Yeah yeah. i've been bad. so i started blogs to keep busy while i await my fiance to come home, but then i started working out after work, and blah blah and then he would come home. well, he is working tonight so i thought i would catch everyone up. well, more just to tell you about my day today since he isn't here to hear about it right now.
so last you knew my job was on the line. well, now not so much! i started to step up to the plate and really let her show me things. not that i thought i wasn't, but according to others, i was. anyway, last friday i was basically told hire or fire. i don't want to work there, but since we are getting a house, i thought it would be pretty wise to stay. and they were going to pay me what i need. so that is in the works. but in the meantime, i have been looking for that perfect job. which won't really happen until after i go back to college. So today, and yesterday, i scored major brownie points with my boss. i stayed till 9:00 pm to finish month end. then today i told her i would help with A/P (our ap person left). so within 4 hours she coded and i entered a week's worth of invoices. i stayed over today too. and she was greatly impressed at that. she kept saying how much i rock! heck yeah!
next exciting thing. i had an interview saturday for a job. waiting on the callback. checked my home email at lunch and i got a questionnaire to fill out before being considered for a job. which is awesome because it's a sales position for a closet design company and i really want to do that, but have very very little sales experience. so i have to fill that out. then when i got home, i have a message of another company that wants to interview me! heck yeah! i will feel really bad if i leave my current boss, but if something with better pay, environment, benefits comes along, i'm going to take it.
and then! i come home and there is a card from one of my grandma's who is unable to come to my bridal shower and sent me a nice size check! that is going towards the wedding. as much as i would like it to go towards the house, i kinda need to pay for the photographer and reception. so that was exciting too!

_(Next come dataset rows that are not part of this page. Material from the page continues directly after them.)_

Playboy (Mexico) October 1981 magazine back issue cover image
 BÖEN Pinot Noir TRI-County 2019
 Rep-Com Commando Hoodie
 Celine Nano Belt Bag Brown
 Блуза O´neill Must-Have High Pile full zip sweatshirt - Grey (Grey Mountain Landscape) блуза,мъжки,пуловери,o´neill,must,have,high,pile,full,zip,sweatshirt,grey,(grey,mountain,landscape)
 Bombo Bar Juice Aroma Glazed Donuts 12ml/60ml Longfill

and yesterday (i know it's not today, but they kinda go together right now with all the hours) my friend who is in the wedding called me last night! i haven't talked to her in a couple months. she's very pregnant and i was afraid she wouldn't come to the shower, but she's coming! so excited.
so those are my exciting things that have happened to me the past couple days. oh, and i saw the cutest puppy at lunch by the river! so cute! they always make me happy. thanks for reading about my excitements!